For Tonette Lancaster, it just got to be too much one day -- the worry, the guilt and the money.

"Cigarettes were $6 a pack, and now it's almost $7. It's like a bill," the 30-year-old, half-a-lifetime smoker said yesterday. "I just said, 'Enough is enough.' "

So Wednesday night she slapped on a nicotine patch she got free, along with lots of information and encouragement, from the District government. She hopes it inaugurates a cigarette-free life.

Lancaster, who is studying computer science at a downtown business college, is not alone in her newfound commitment to quit smoking.

In recent weeks across the country, telephone "quit lines" have registered a jump in calls in advance of this week's biggest-ever increase in federal tobacco taxes.

If the past is any guide, the sizable tax boost should have an immediate impact in getting many smokers to quit, and anti-smoking advocates were making the most of the moment yesterday.

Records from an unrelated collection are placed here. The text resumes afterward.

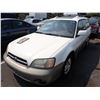 Image 1 : 2000 Subaru Outback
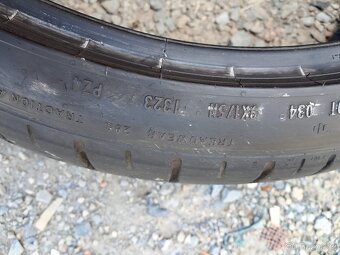 235/35/20 92y Pirelli - letní pneu 2ks - 3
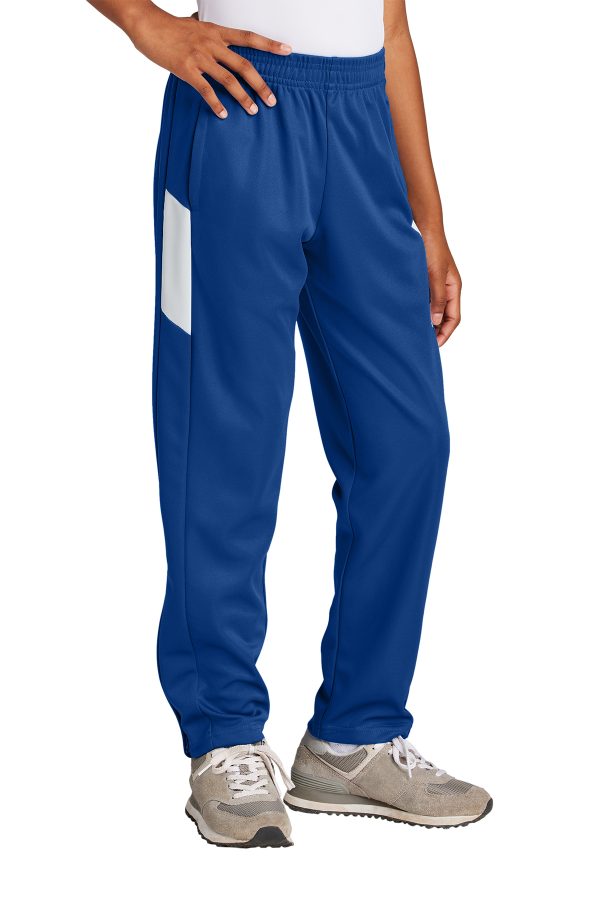 NEO Dance - YPST800  Sport-Tek® Youth Travel Pant - Image 7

Much research has shown that smoking is an extremely "price sensitive" habit, with fewer people taking up cigarettes and more people putting them down every time a pack becomes more expensive.

The 62-cent tax increase was adopted this year as a way to fund the expansion of the State Children's Health Insurance Program. On Wednesday, the day the increase took effect, the District's quit line got 131 calls, a record. The same day a week earlier, it had 44 calls; a month earlier, 19.

"I'm in shock, quite frankly," said Debra Annand, director of health education services for the American Lung Association's District of Columbia office, which contracts with the local health department to provide smoking-cessation services.

"Obviously something happened to drive that call volume up," Annand said. "Lots of research has shown the number one thing that helps people quit is increasing the price."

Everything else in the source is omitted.